Despite the negative publicity, many artists who knew Reubens, such as Cyndi Lauper, Annette Funicello, Zsa Zsa Gabor and Valeria Golino, voiced support. Bill Cosby defended Reubens, saying, "Whatever [Reubens has] done, this is being blown all out of proportion." Others who knew Reubens, such as Pee-wee's Playhouse production designer Gary Panter, S. Epatha Merkerson and Big Top Pee-wee director Randal Kleiser, also spoke in support. Reubens's fans organized support rallies after CBS canceled the reruns, picketing in Los Angeles, New York and San Francisco. The television news magazine A Current Affair received "tens of thousands" of responses to a Pee-wee telephone survey in which callers supported Reubens by a nine-to-one ratio.

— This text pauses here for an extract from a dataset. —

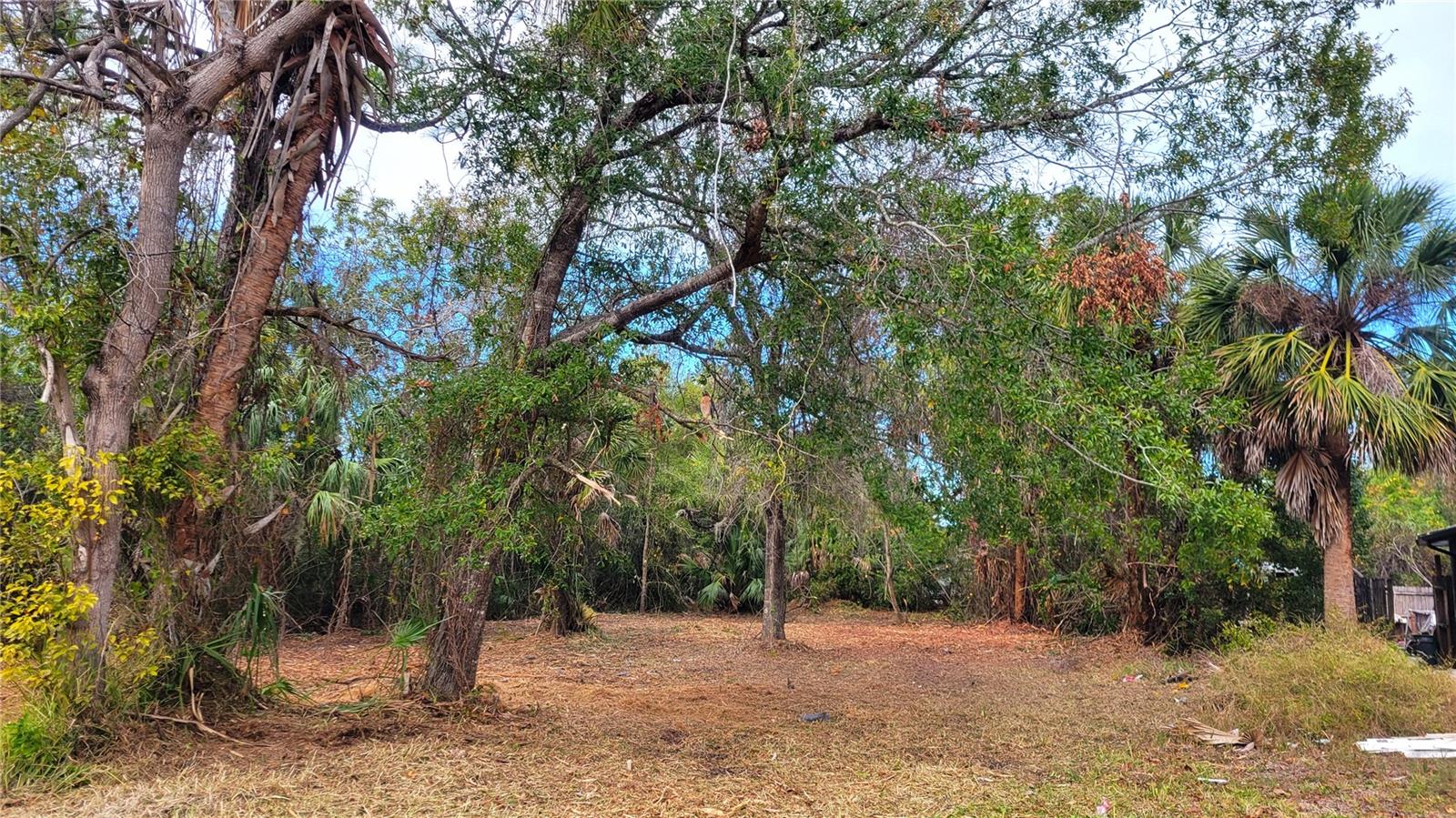 NEEDLES DR, HUDSON, FL, 34667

Reubens did not offer interviews or appear on talk shows, but he did appear as Pee-wee at the 1991 MTV Video Music Awards on September 5, asking the audience, "Heard any good jokes lately?" He received a standing ovation. Reubens appeared as Pee-wee only once in 1992, when he participated in a Grand Ole Opry tribute to Minnie Pearl.

1990s and comeback in Blow
During the 1990s, Reubens kept a low profile, dedicating himself to writing and collecting a variety of things, "everything from fake food, to lamps", although he did do some dubbing and took small parts in films such as 1992's Buffy the Vampire Slayer and Tim Burton's Batman Returns (Reubens portrayed the Penguin's father) and 1996's Matilda and Dunston Checks In. In 1993, he voiced the character Lock in another one of Burton's productions, The Nightmare Before Christmas. (Reubens later voiced Lock for the video game The Nightmare Before Christmas: Oogie's Revenge in 2004.)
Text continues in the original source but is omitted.